Kedua, CMNP tidak pernah berhubungan langsung dengan PT Bank Unibank, Tbk. (BBKU) terkait dengan penerbitan NCD, seluruh proses penerbitan NCD dilakukan secara langsung antara Hary Tanoe melalui MNC dengan PT Bank Unibank, Tbk. (BBKU) tanpa adanya keterlibatan dari CMNP. CMNP melakukan transaksi penukaran surat berharga dengan Hary Tanoe melalui MNC. CMNP menerima 28 (dua puluh delapan) lembar NCD dari Hary Tanoe melalui MNC.
“Dengan demikian terbukti bahwa Gugatan CMNP tidak kurang pihak,” ujar Lucas kepada wartawan di Jakarta, Rabu (15/4/2026).
Gugatan CMNP Tidak Salah Pihak
Gugatan CMNP kepada Hary Tanoe dan MNC didalihkan oleh kuasa hukumnnya sebagai gugatan yang salah pihak.

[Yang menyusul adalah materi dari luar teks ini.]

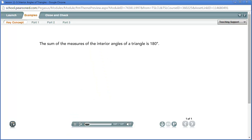The sum of the measures of the interior angles of a triangle is 180 degrees. The following shows why this is true.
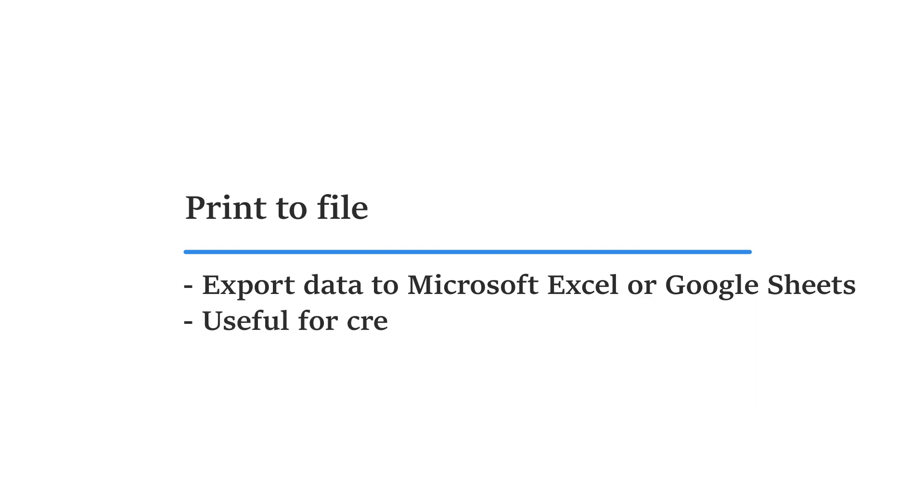This is useful for creating reports, doing in-depth analysis, or if you want to print out some details.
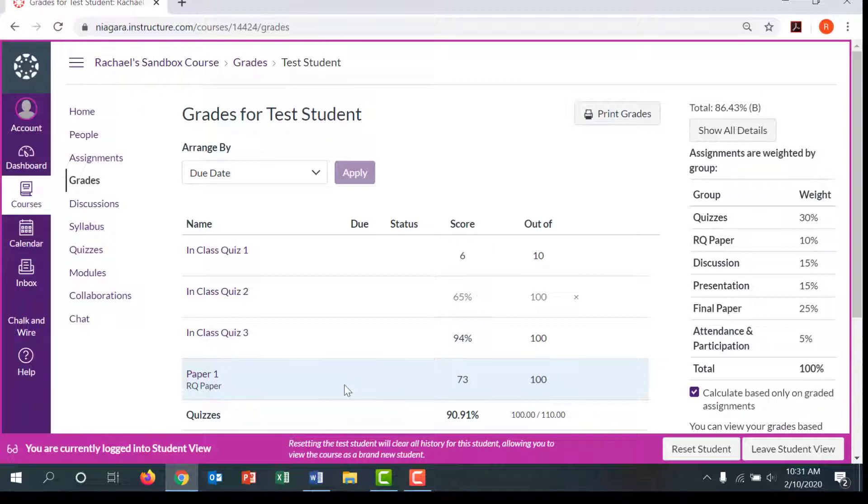It also saves you from having to constantly remind students that their grade in Canvas is not representative of their grade in your course.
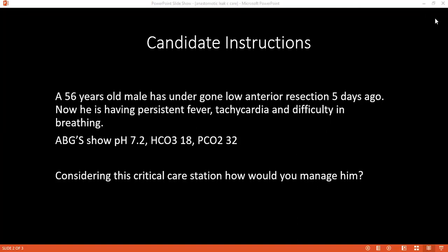For breathing, I'll check his respiratory rate and oxygen saturation level. Since this patient is having difficulty in breathing, I'll provide him with an oxygen mask and also check for symmetrical chest movements. In breathing, it's look, listen and feel. I'll be looking at chest movements if they are symmetrical. For listening, I'll auscultate his chest to see if there are any crackles or added respiratory sounds. We'll give him 100% oxygen because there's no contraindication mentioned.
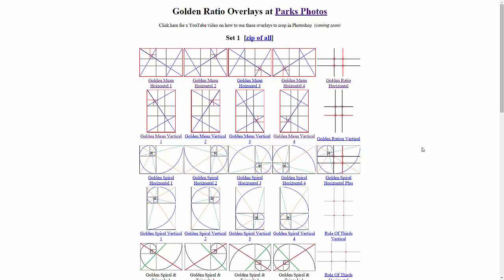Hello and welcome to this tutorial on how to download these golden ratio overlays and use them to analyze and crop your images in layered programs like Photoshop.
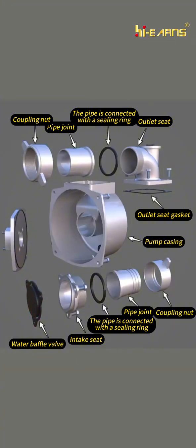First ensure that the inlet pipe is intact and the connection with the pipe is tight. You can check whether the sealing ring in the pipe fitting is intact.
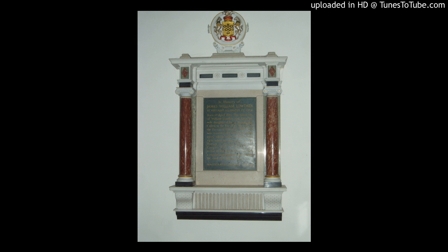Two identical gable-arched tablets are on either side of this monument. One is dedicated to John Sheppard, half-brother of Frederick, and the other to John Wilson Sheppard, who was the only son of John.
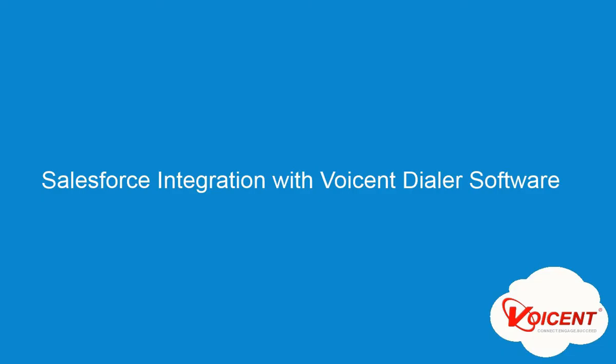In this video we will demonstrate how Salesforce integrates with Voicent Dialer software.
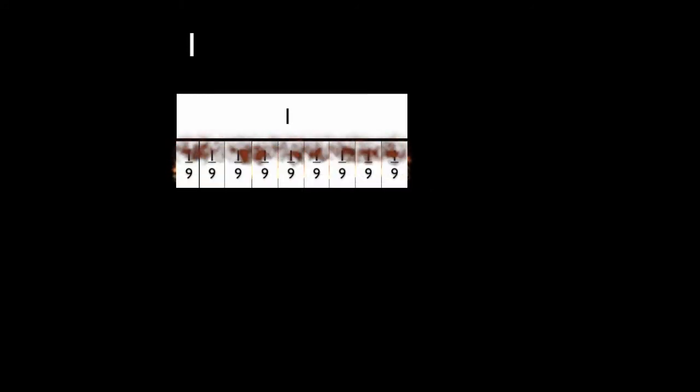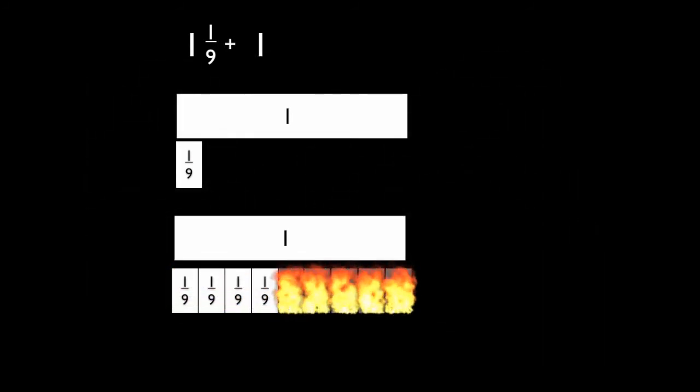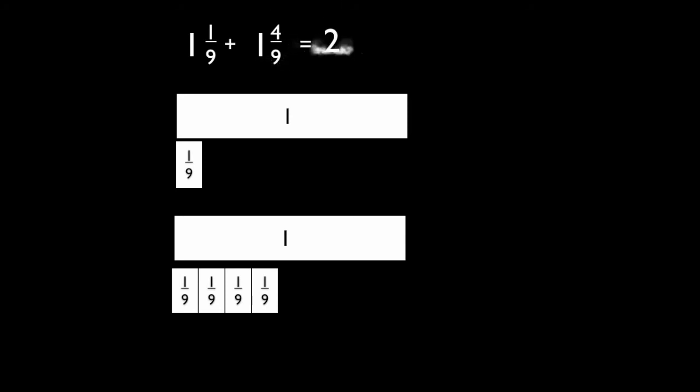On one of the ninth bars, shade in one ninth, and on the other shade four ninths. Add the two bars with one, then the four ninths and one ninth. You should get an answer of two and five ninths. You have finished your problem.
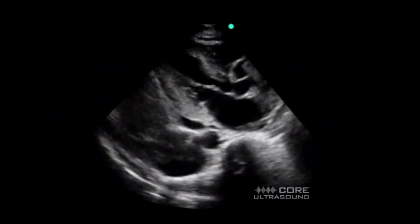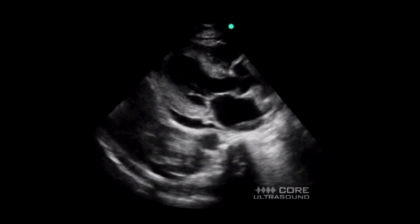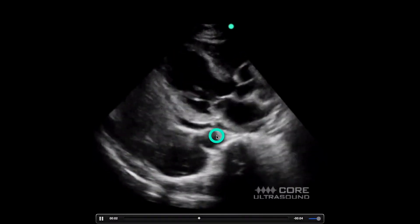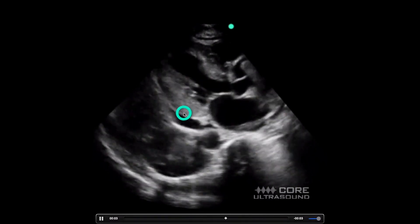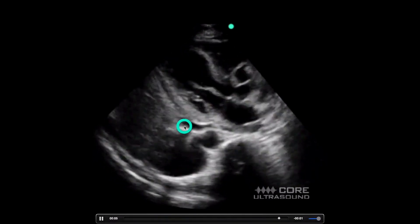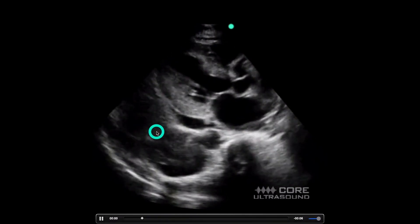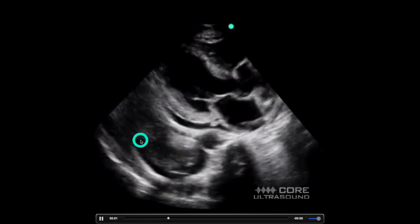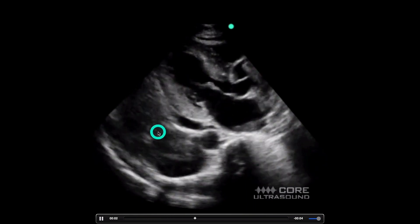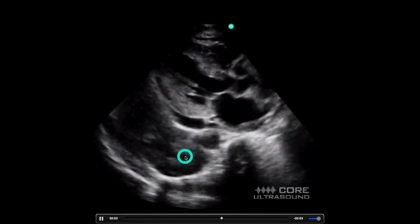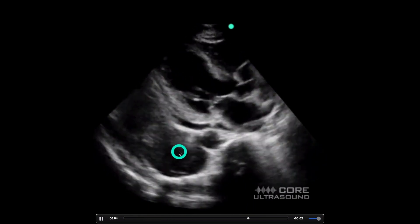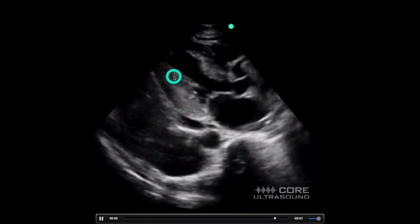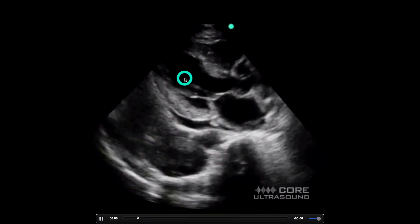And this of course is an example of both. Here we have the descending aorta, a small pericardial effusion, as well as a pleural effusion down here. This wavy stuff in here, by the way, is a mirror artifact of the heart above.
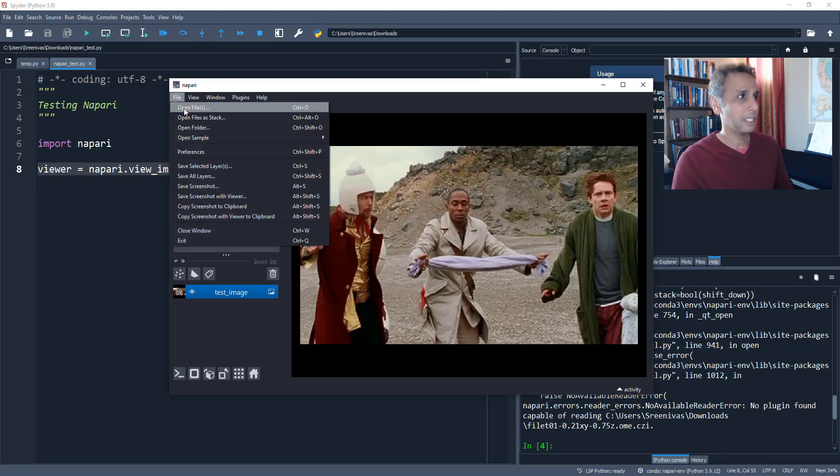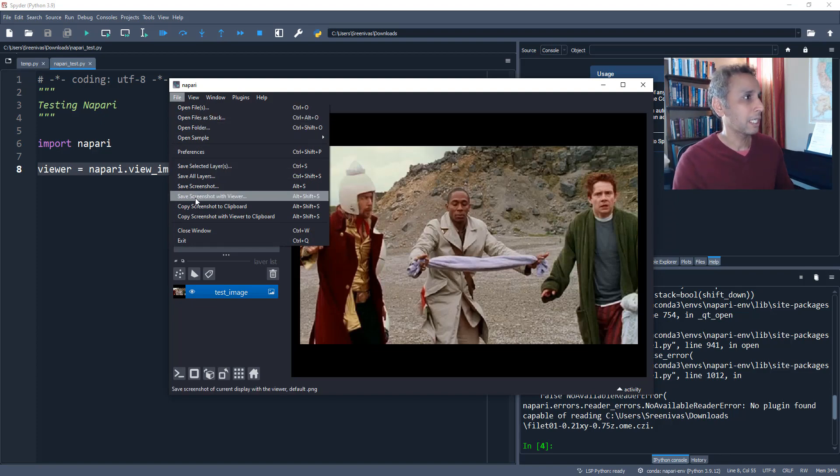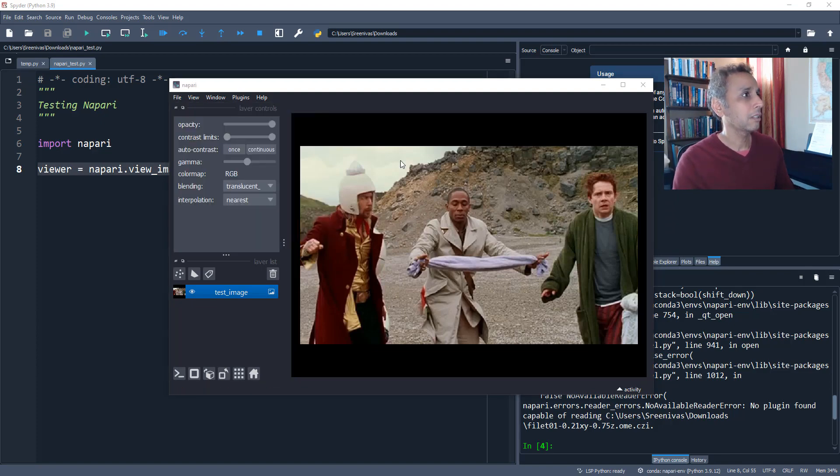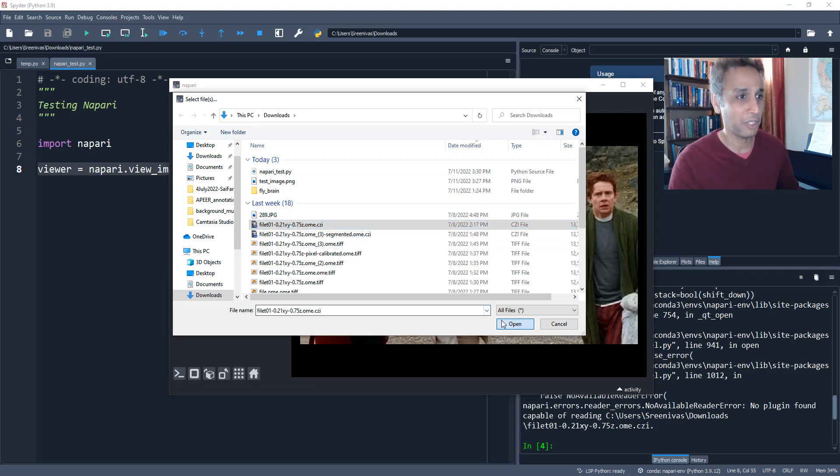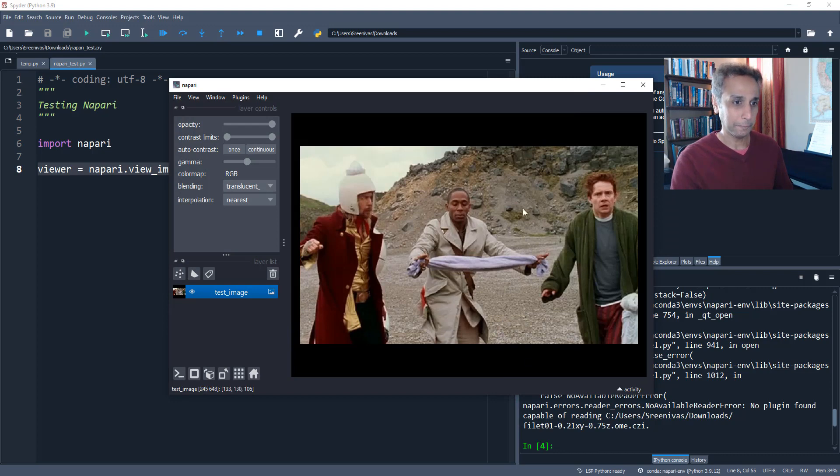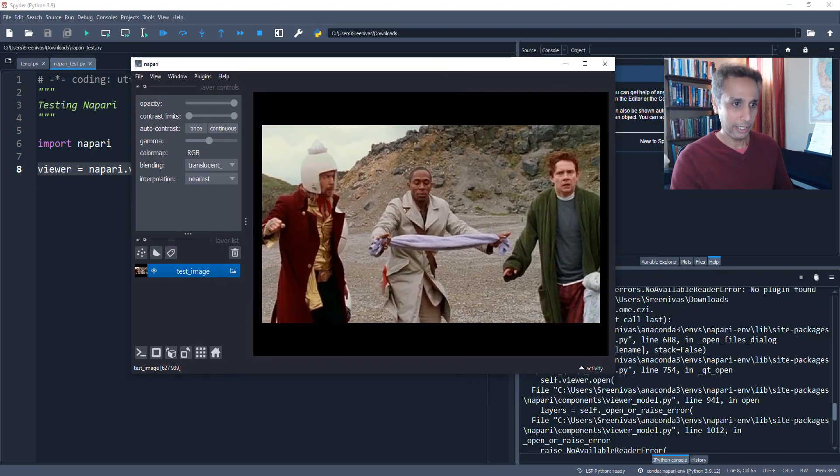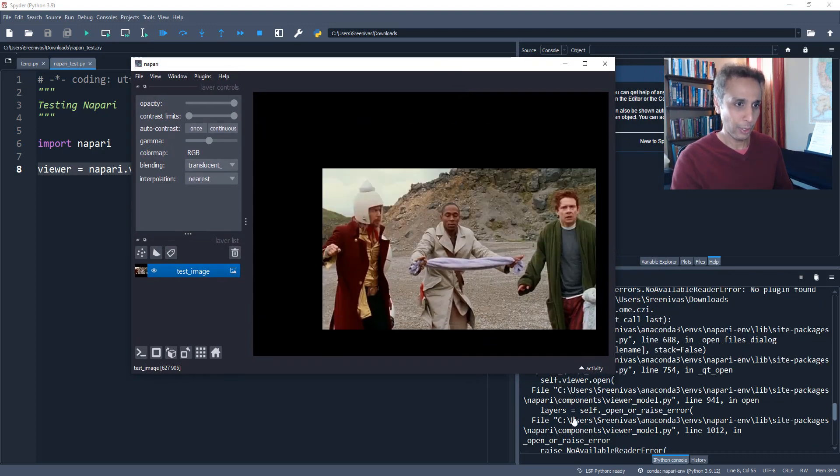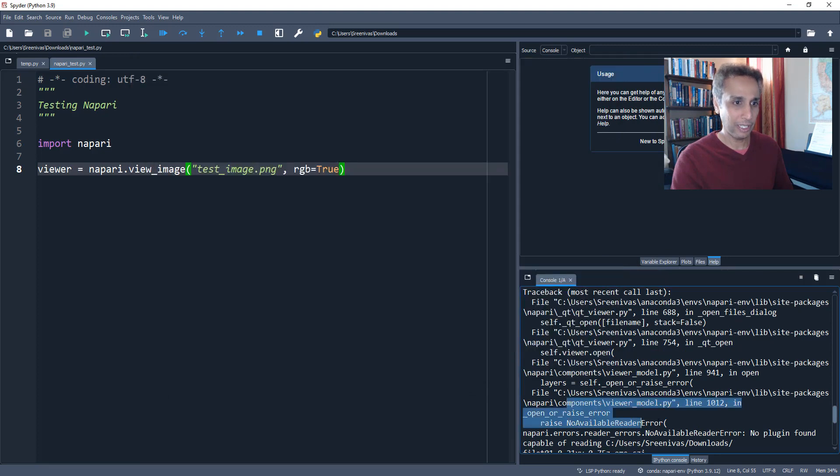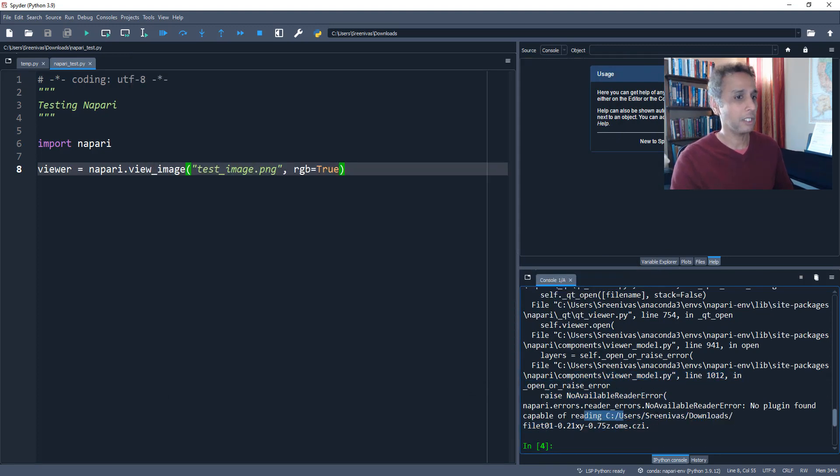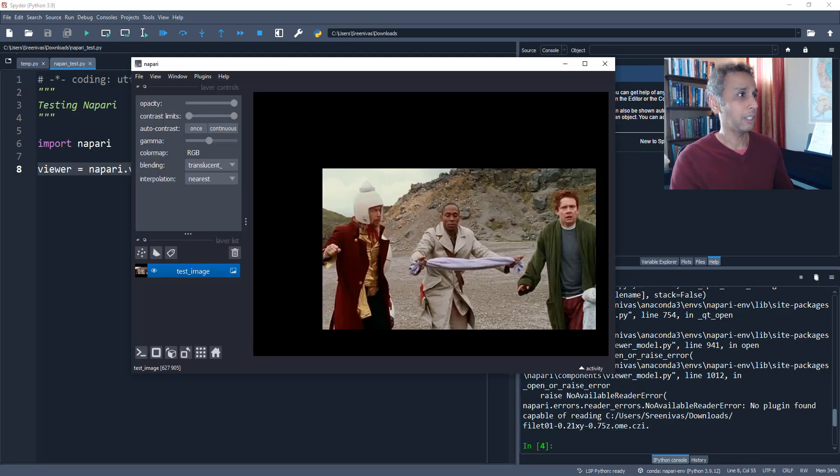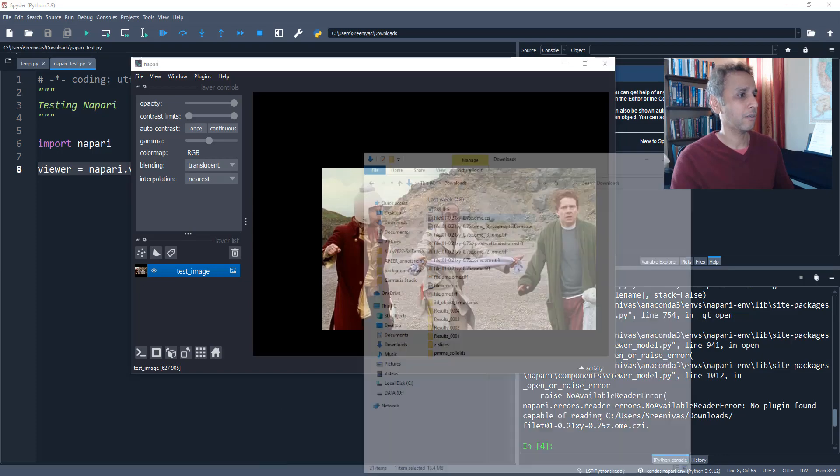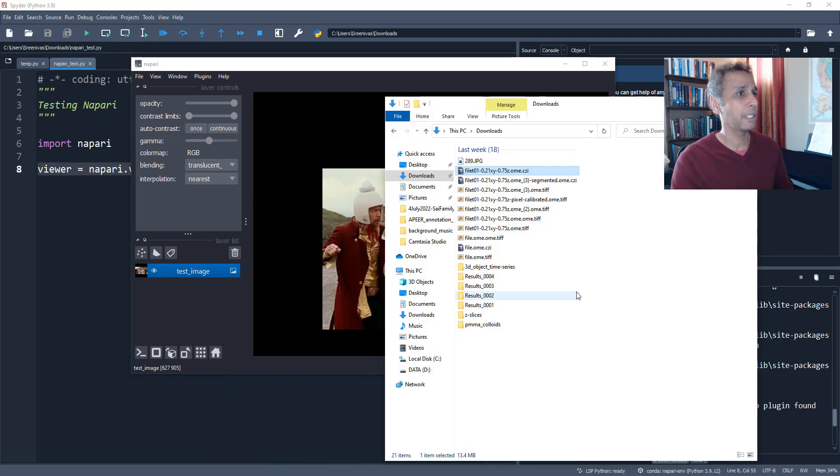What else can we do here? So let us open a different type of file. Let's open a CZI file. So open folder, open sample. Let's open a .CZI. This is the Zeiss image file. And does it open it? No, it doesn't. So it says not available reader error. So obviously I need to install some sort of a plugin, some sort of a reader to read proprietary images. So again, one lesson that we learned.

Dengan alasan CMNP menggugat Hary Tanoe secara pribadi atas keterlibatannya dalam perbuatan melawan hukum yang dilakukan terhadap CMNP. Berdasarkan bukti-bukti dan keterangan-keterangan saksi dan ahli yang dihadirkan CMNP, Hary Tanoe yang pada saat transaksi terjadi menjabat sebagai Direktur Utama MNC seharusnya mengetahui bahwa NCD yang dimintakan untuk diterbitkan dan diserahkan kepada CMNP merupakan surat berharga yang tidak sah karena penerbitannya dilakukan secara melanggar ketentuan Surat Edaran Bank Indonesia No. 21/27/UPG tanggal 27 Oktober 1988.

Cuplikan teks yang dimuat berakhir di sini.